A girl’s experience suffering from body shaming

I was a few weeks into a new semester of secondary school. At that time, it just started out as being mindful about losing weight because mine then was 57 kilograms. As a 6th grade student, I was called “a fat lady” or “piggy piggy”. Others would say it is forgivable and shouldn’t be a big deal as we were still immature and arbitrary. Yet the way they named it hurt me so badly and drastically ruined my sixth-grade studying process. Here’s the thing.

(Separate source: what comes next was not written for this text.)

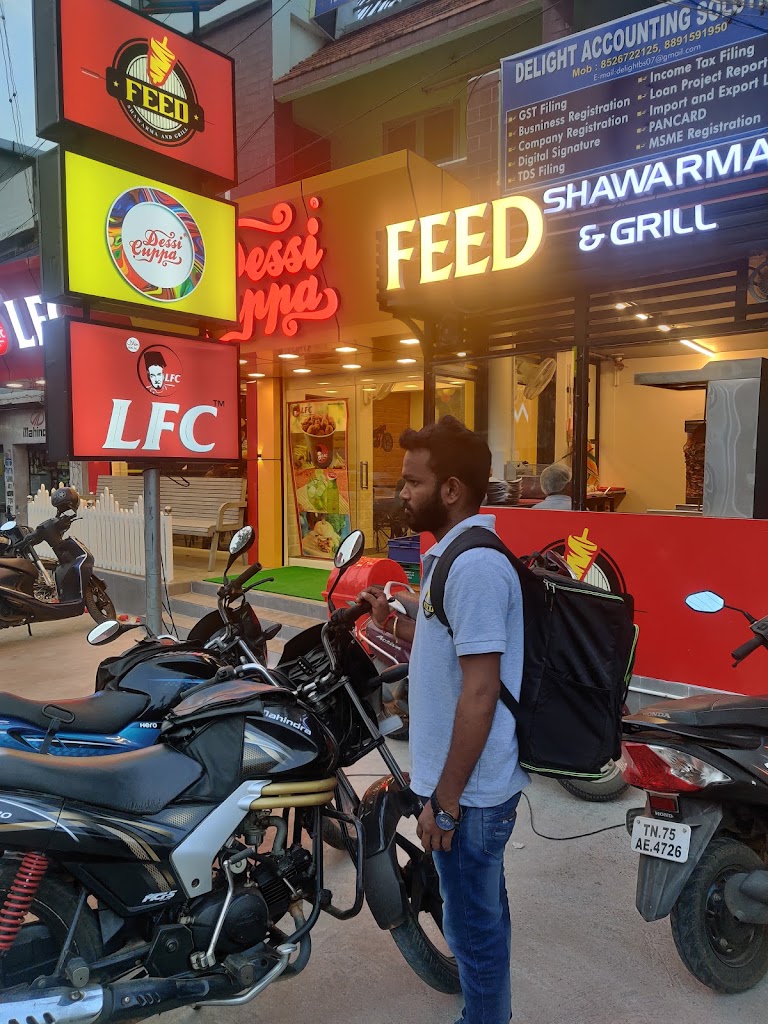 Cafe Feed
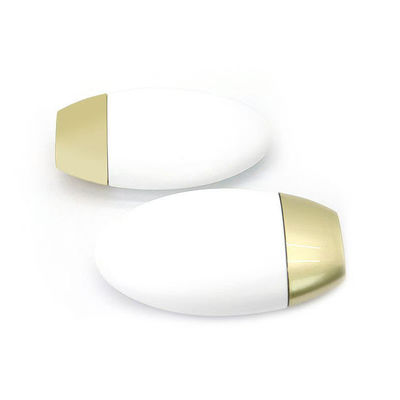 Flacon de crème solaire en plastique PP en gros avec couleur personnalisée et MOQ 10000 pièces pour emballage cosmétique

Among the girls, the biggest insecurity is probably what their body looks like. This problem not only attracts tons of criticism from external viewpoints but also causes a domino effect on girls’ assessment of themselves. There are a lot of people out there who advertise having a larger butt or larger breasts and a tiny skinny waist. For that reason, humans name us “women” as a “beauty gender”. Meanwhile, our appearance must be well-shaped and proportional unlike males and other sexes as well as our treat to our body. The big deal is: “Why do we spend too high expectations on a girl's body rather than a boy? When I look overweight or too skinny or big, tall… over pattern generally, it will immediately get negative scrutiny from the other gender and even their own judgment.” The truth is, in the period of me being obese and too tall at grade 6, I hardly hung out with friends and wore long loose black pants regularly. What’s more, I was by far the tallest girl in the class, even taller than a lot of boys so I always bow down or just sit not stand, trying to be slouch so I was shorter. Did all that work? Obviously no. The more we hide the more people notice and it becomes your terrible concern.

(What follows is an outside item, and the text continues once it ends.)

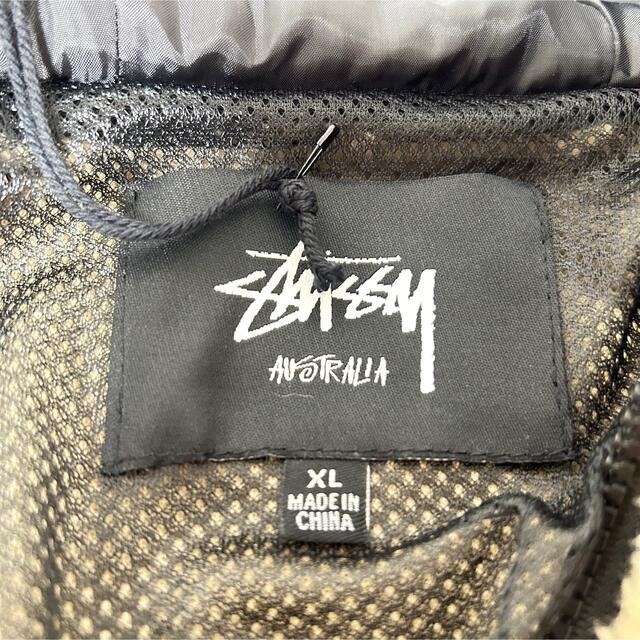 海外限定 STUSSY ビッグ フリースパーカー XXL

The world would say all sorts of things to me, it is really hurtful but just blush it off. It’s always put into people’s heads that you wear two-piece when you go to the beach or you know if you’re fat then you wear a one-piece. That’s totally not true. I do have curves and I do have parts of my body that I’m not ashamed of so I do wear two-piece and if people don’t like it then look away, sorry. If girls think that there’s only one standard beauty, they’ll feel left out. If people like them are included in that dialogue so there’s more representation then you won’t feel that you need to change yourself in order to conform to society’s beauty standards. I am who I am.